DATASET CONTENT:
········
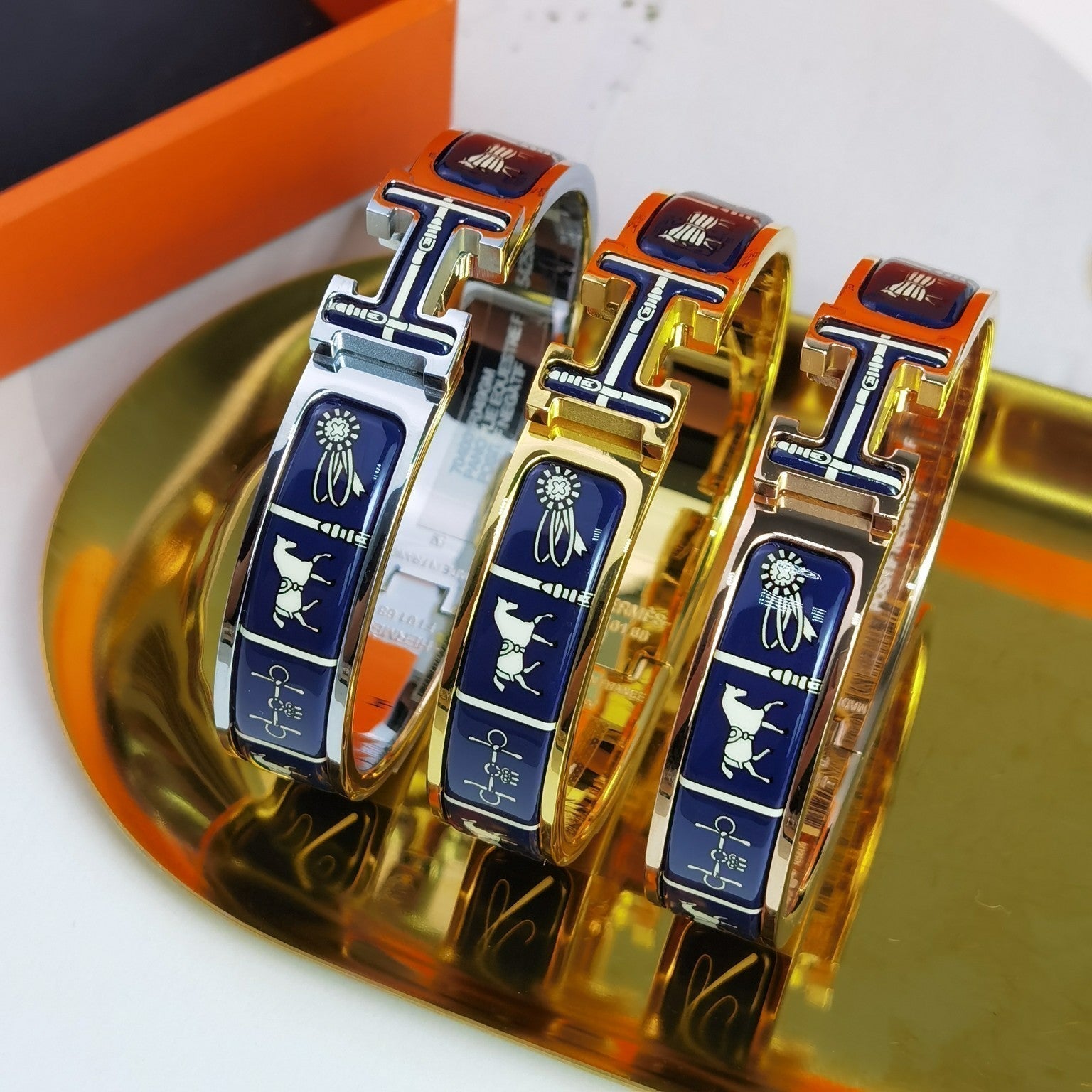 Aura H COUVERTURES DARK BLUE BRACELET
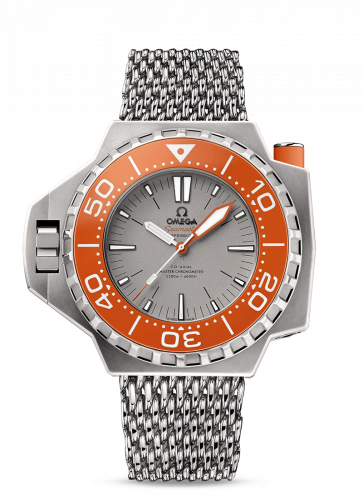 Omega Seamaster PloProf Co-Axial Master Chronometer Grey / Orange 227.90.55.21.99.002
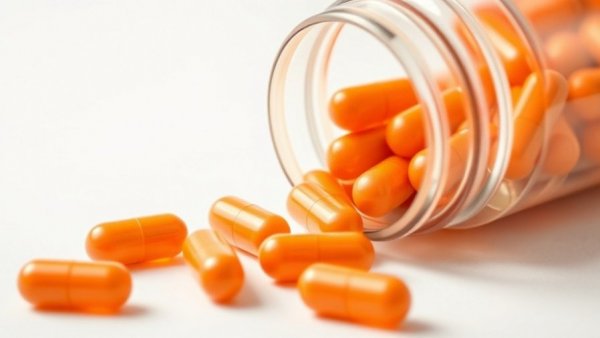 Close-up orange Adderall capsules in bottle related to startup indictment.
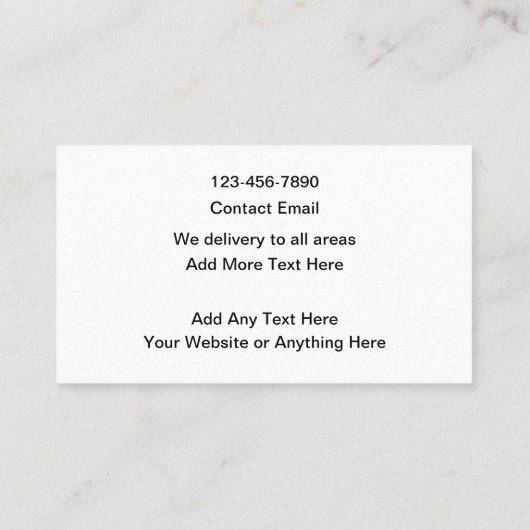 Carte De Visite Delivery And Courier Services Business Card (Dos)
········
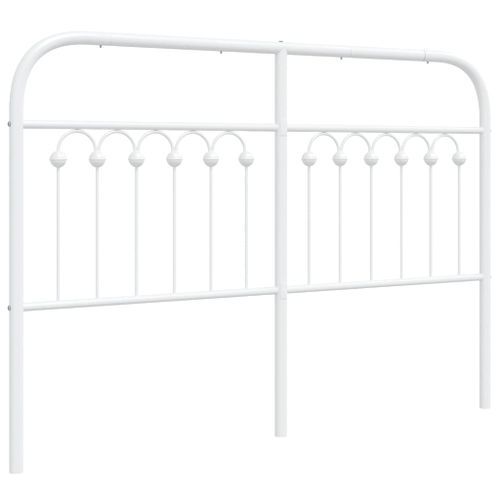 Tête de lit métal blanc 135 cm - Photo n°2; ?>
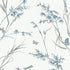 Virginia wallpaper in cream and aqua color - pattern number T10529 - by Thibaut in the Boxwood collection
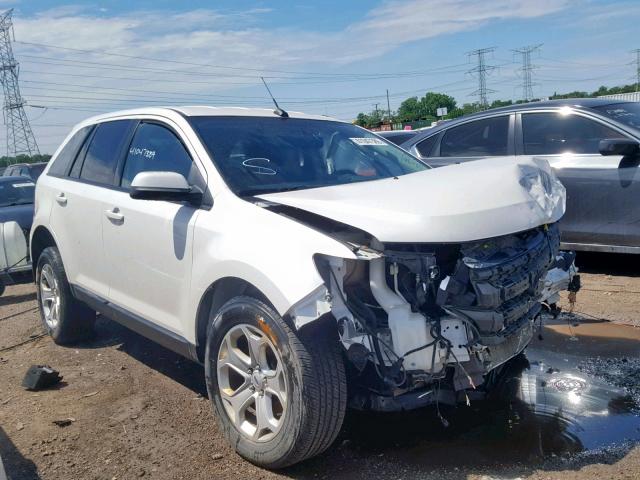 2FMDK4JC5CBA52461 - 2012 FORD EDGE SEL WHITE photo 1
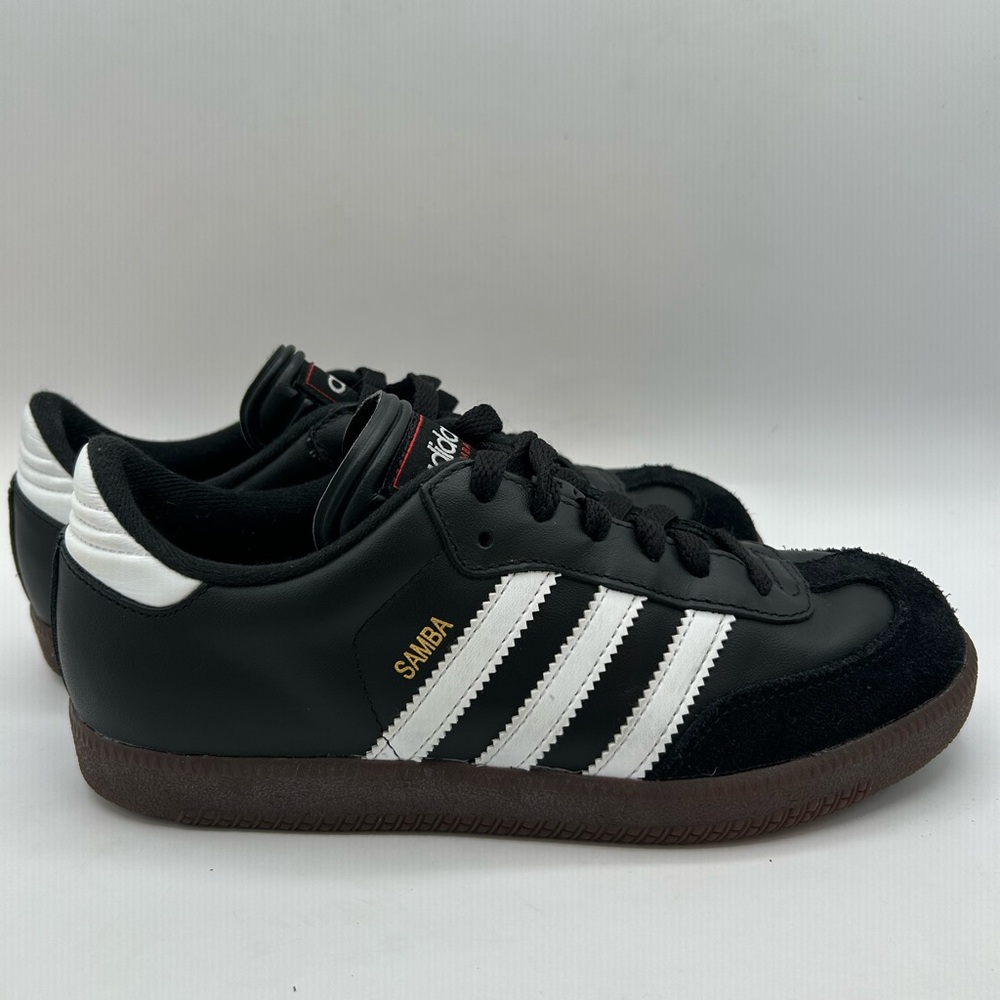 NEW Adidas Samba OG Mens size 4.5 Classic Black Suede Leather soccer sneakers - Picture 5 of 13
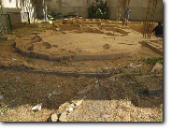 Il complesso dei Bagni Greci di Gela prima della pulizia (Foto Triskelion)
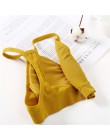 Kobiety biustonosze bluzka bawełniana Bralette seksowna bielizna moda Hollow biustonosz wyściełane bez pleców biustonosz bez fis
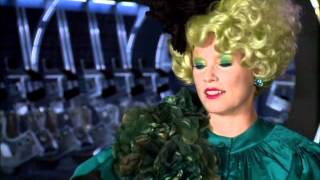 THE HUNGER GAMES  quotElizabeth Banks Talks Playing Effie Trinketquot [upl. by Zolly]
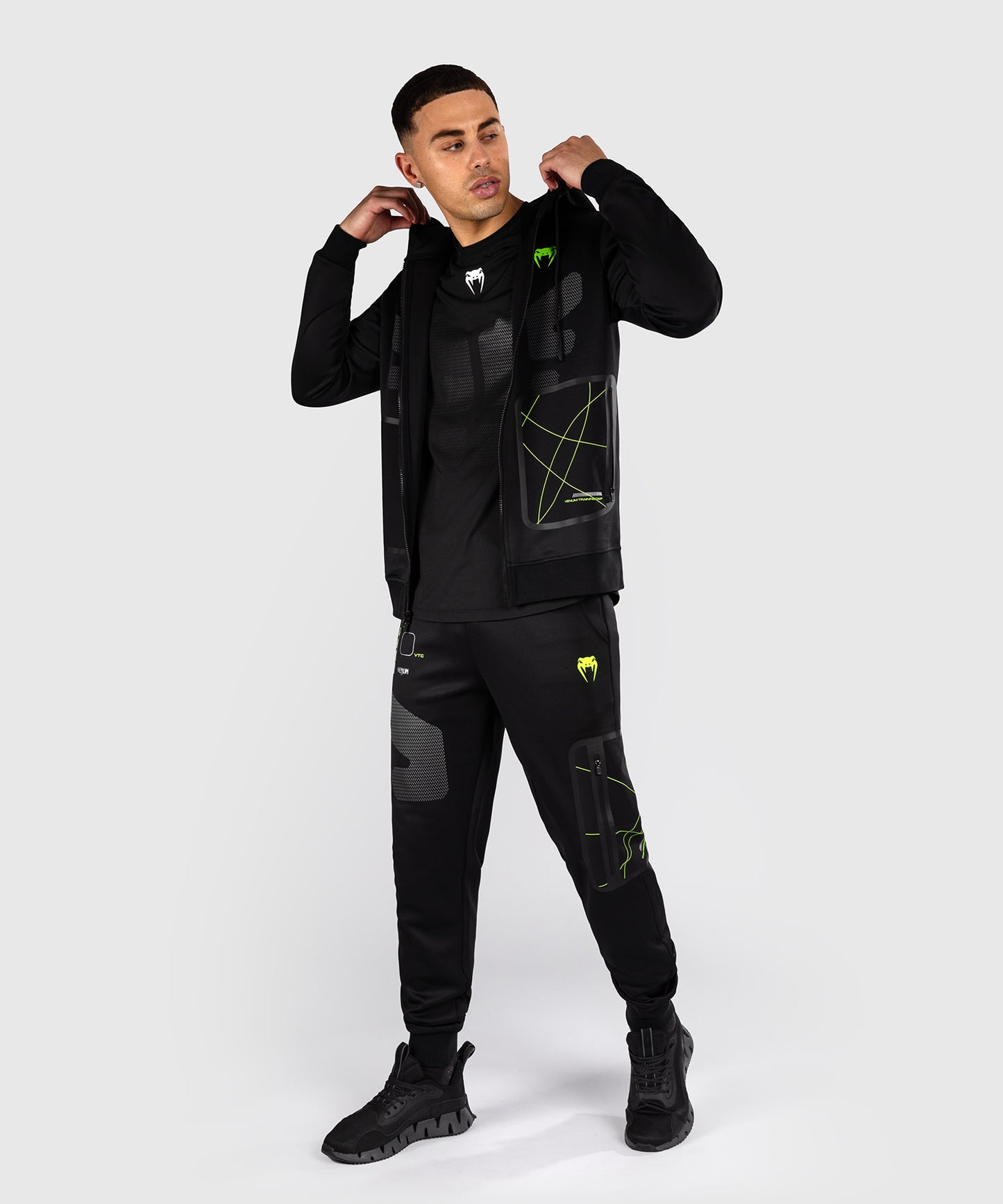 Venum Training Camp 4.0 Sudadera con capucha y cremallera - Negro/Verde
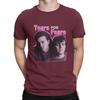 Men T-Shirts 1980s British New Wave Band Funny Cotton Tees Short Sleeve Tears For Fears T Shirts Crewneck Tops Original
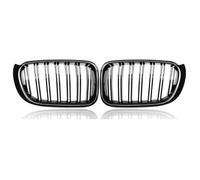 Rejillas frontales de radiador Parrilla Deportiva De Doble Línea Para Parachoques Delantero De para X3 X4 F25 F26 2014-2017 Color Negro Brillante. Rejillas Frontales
········
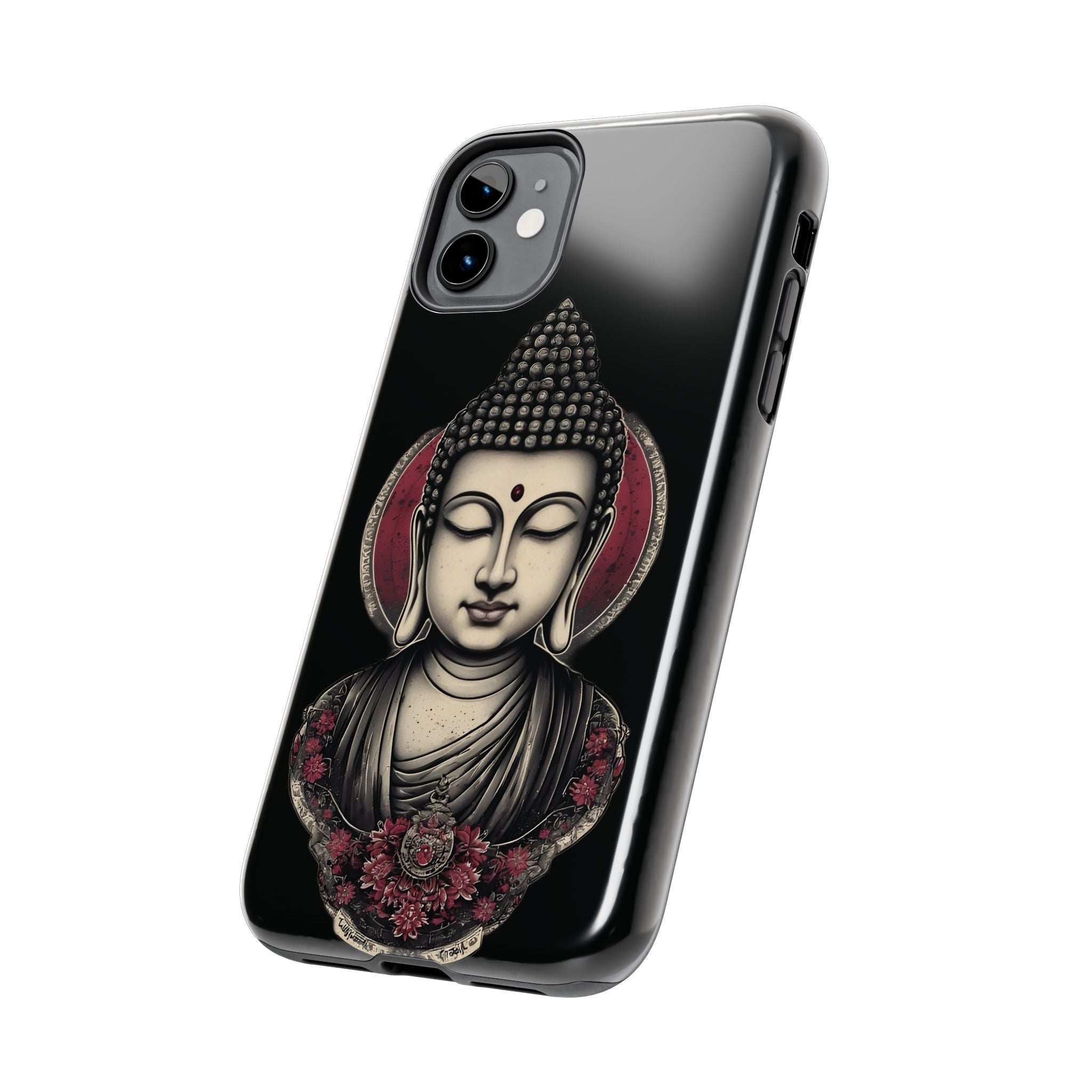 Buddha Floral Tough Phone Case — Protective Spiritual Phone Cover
········
AIM OF THE EXERCISE: Exact copy, pictures excluded: every line above from the one containing "NEW Adidas Samba" to the one containing "Kobiety biustonosze bluzka", inclusive, and nothing more.

OUTPUT OF THE TASK:
 NEW Adidas Samba OG Mens size 4.5 Classic Black Suede Leather soccer sneakers - Picture 5 of 13
 Il complesso dei Bagni Greci di Gela prima della pulizia (Foto Triskelion)
 Kobiety biustonosze bluzka bawełniana Bralette seksowna bielizna moda Hollow biustonosz wyściełane bez pleców biustonosz bez fis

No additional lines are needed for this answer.